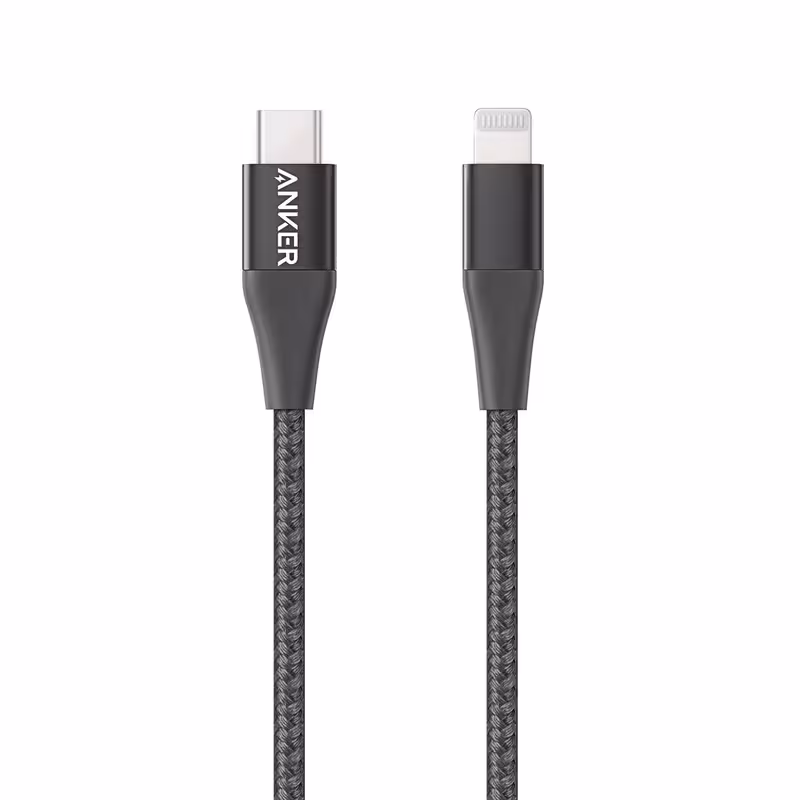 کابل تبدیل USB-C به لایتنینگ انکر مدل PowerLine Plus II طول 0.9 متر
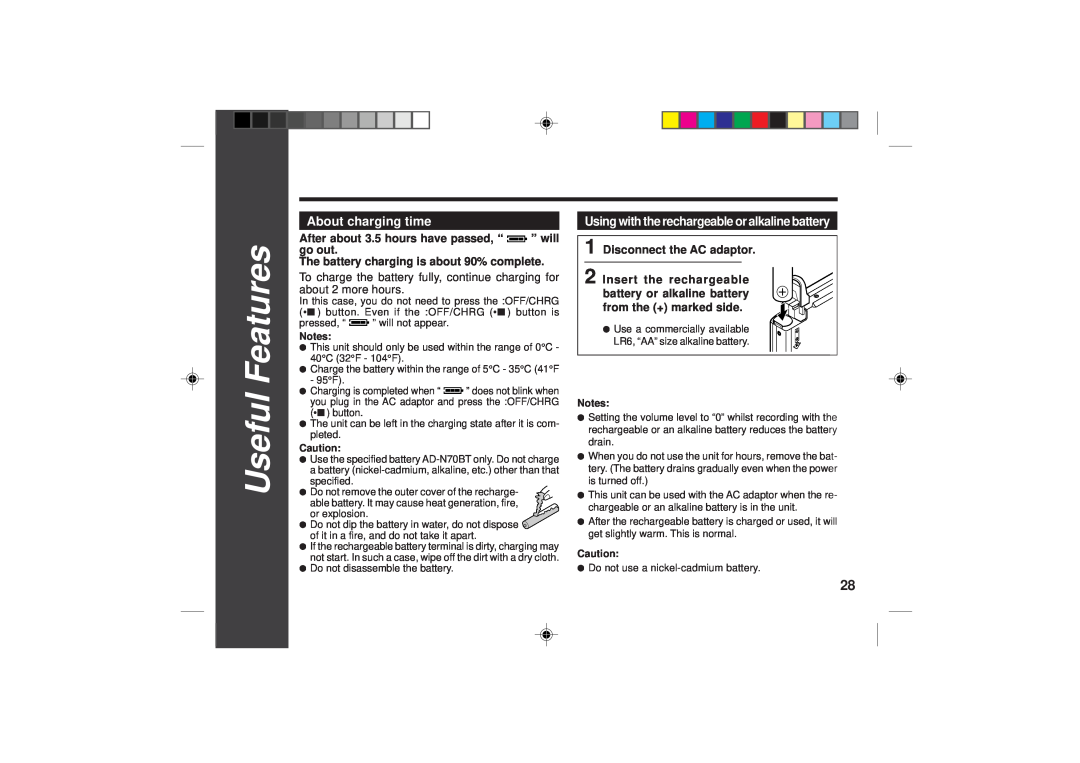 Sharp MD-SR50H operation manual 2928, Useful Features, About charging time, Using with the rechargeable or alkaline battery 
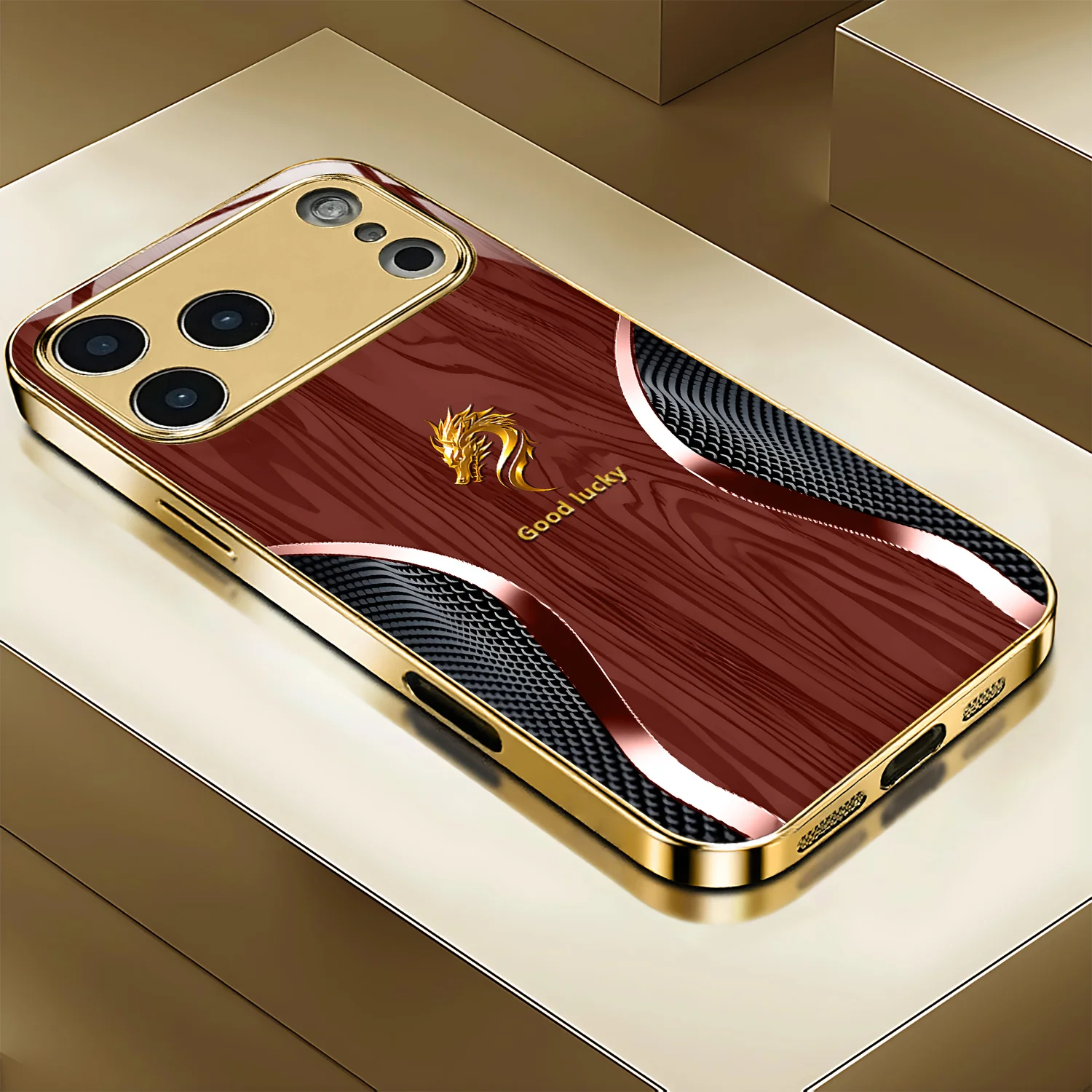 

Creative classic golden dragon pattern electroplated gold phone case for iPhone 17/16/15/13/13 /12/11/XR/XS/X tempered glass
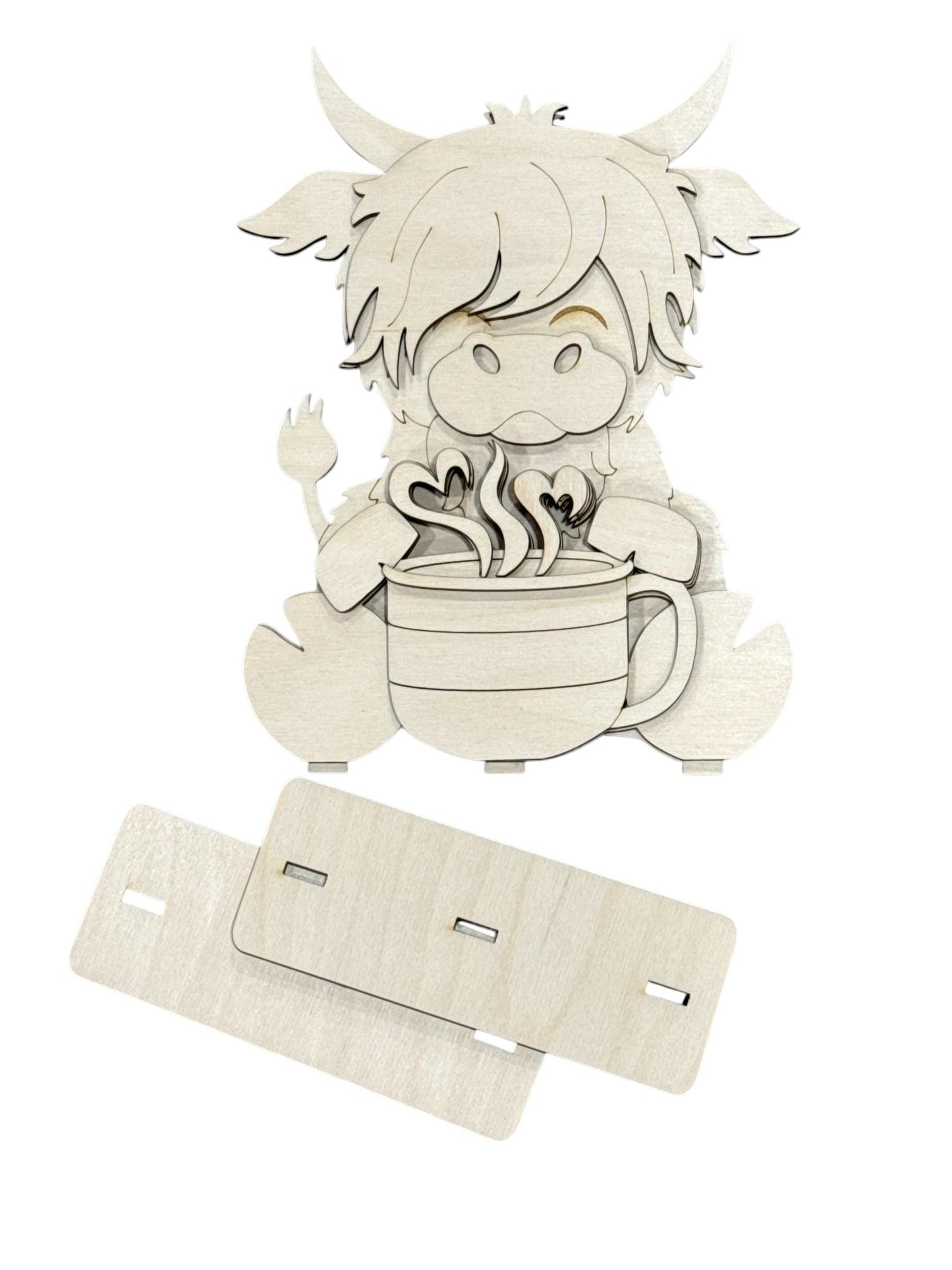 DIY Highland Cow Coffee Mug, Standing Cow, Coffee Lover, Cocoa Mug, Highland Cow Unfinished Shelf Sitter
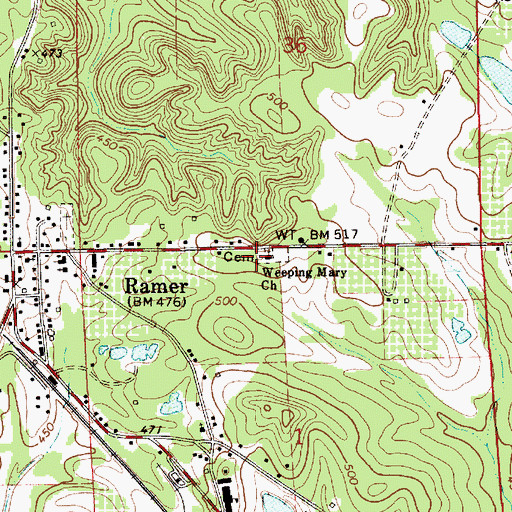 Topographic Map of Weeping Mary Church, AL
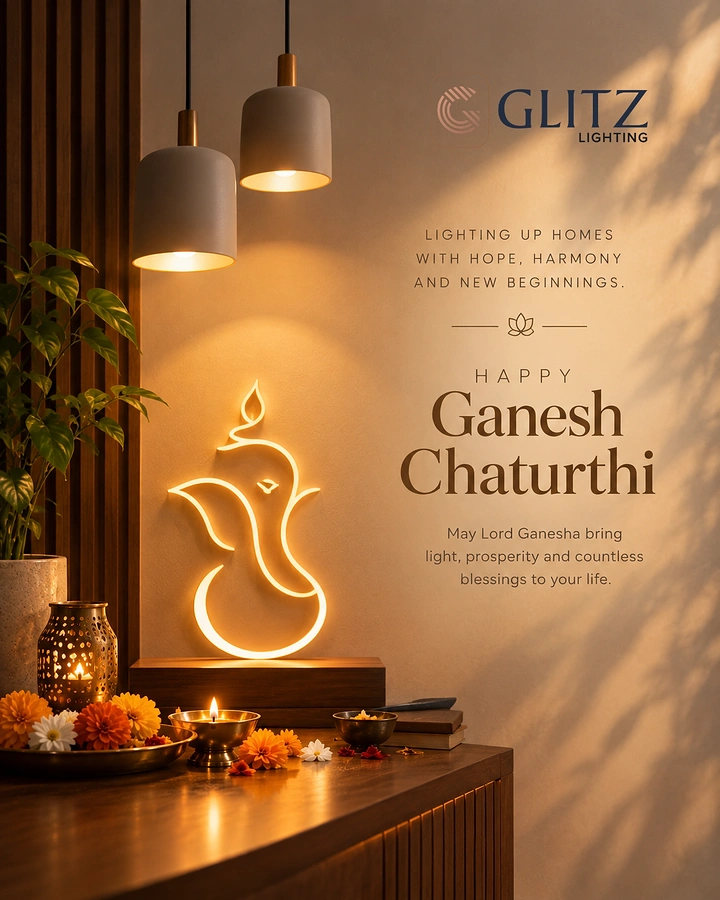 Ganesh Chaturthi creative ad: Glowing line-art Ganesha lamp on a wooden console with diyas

YOUR GOAL
Extract only the lines from the one that contains "Creative classic golden" through the end of the records, inclusive, and omit every picture.

RESULT
Creative classic golden dragon pattern electroplated gold phone case for iPhone 17/16/15/13/13 /12/11/XR/XS/X tempered glass
 DIY Highland Cow Coffee Mug, Standing Cow, Coffee Lover, Cocoa Mug, Highland Cow Unfinished Shelf Sitter
 Topographic Map of Weeping Mary Church, AL
 Ganesh Chaturthi creative ad: Glowing line-art Ganesha lamp on a wooden console with diyas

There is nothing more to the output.